- [Exercise instructions] This calls for a word-for-word copy of all the data, with each picture removed.

+++

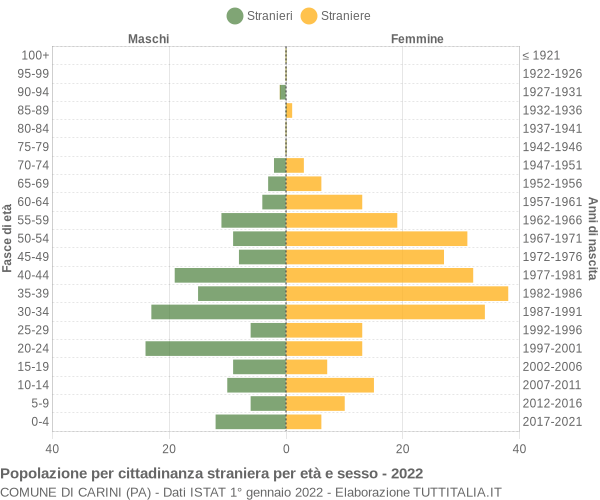 Grafico cittadini stranieri - Carini 2022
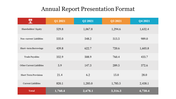 Innoivative Annual Report Presentation Format Template 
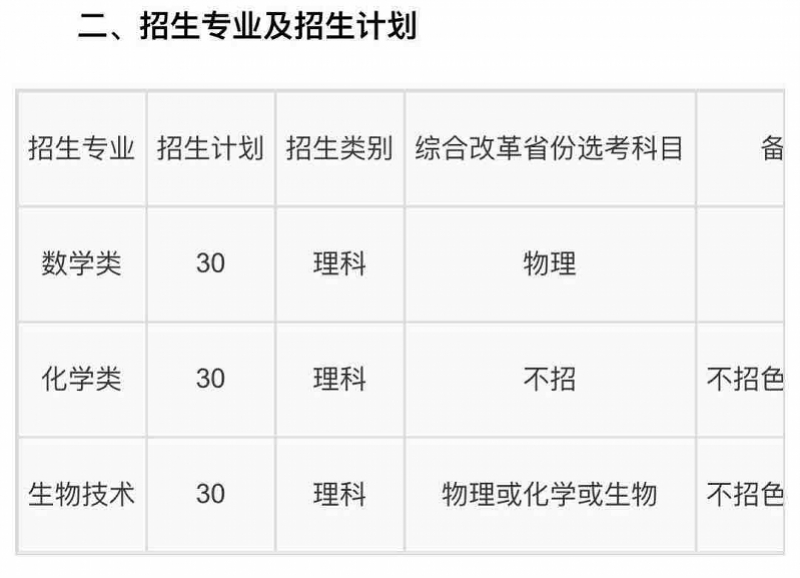 西安理工大学学分制（华南理工2020年强基计划招生简章公布）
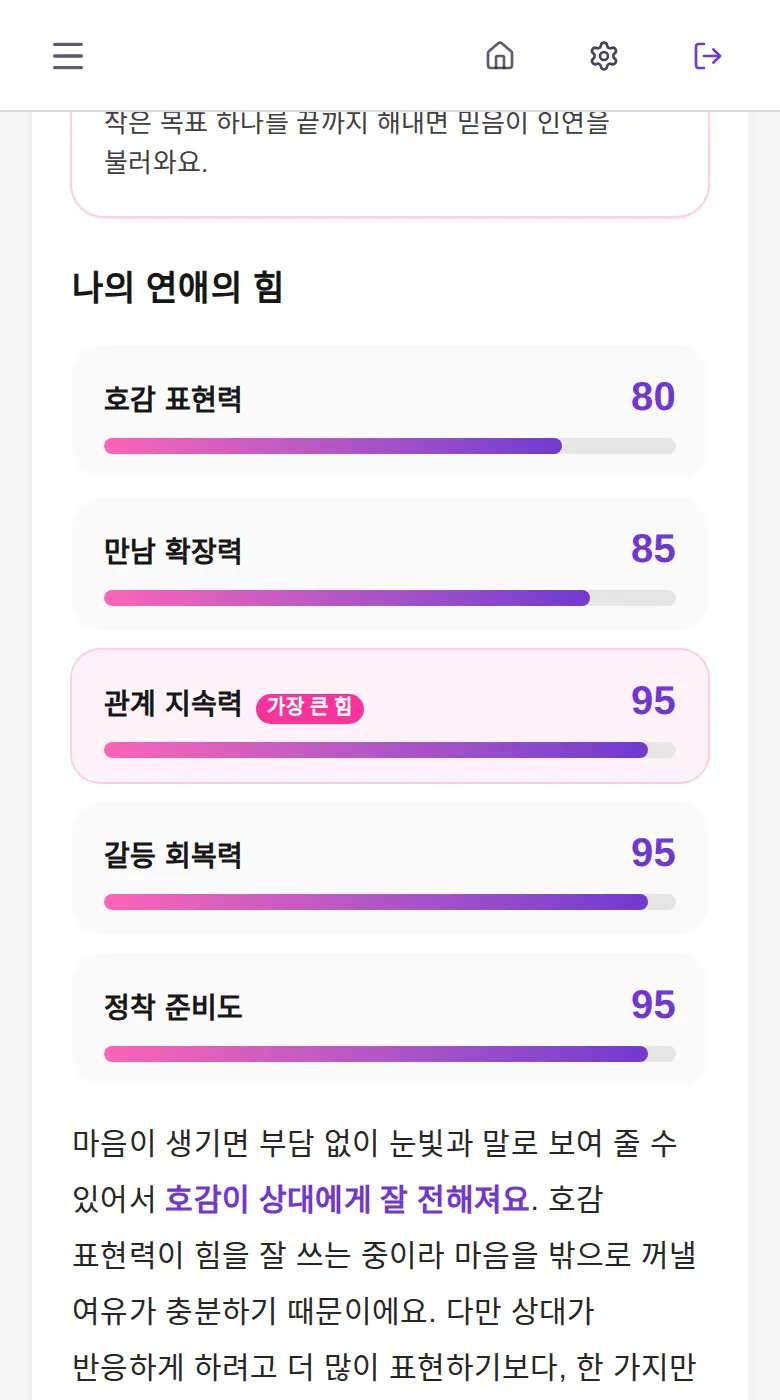연애 4장 나의 연애의 힘 — 다섯 가지 힘 점수 막대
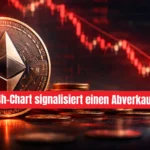 Ethereum Chart deutet auf Abverkauf in diese Zone hin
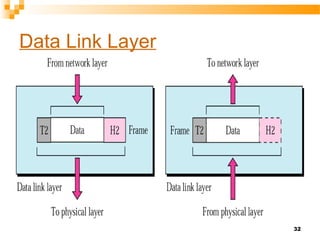 32
Data Link Layer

+++

- [Answer space]
 Grafico cittadini stranieri - Carini 2022
 Innoivative Annual Report Presentation Format Template 
 西安理工大学学分制（华南理工2020年强基计划招生简章公布）
연애 4장 나의 연애의 힘 — 다섯 가지 힘 점수 막대
 Ethereum Chart deutet auf Abverkauf in diese Zone hin
 32
Data Link Layer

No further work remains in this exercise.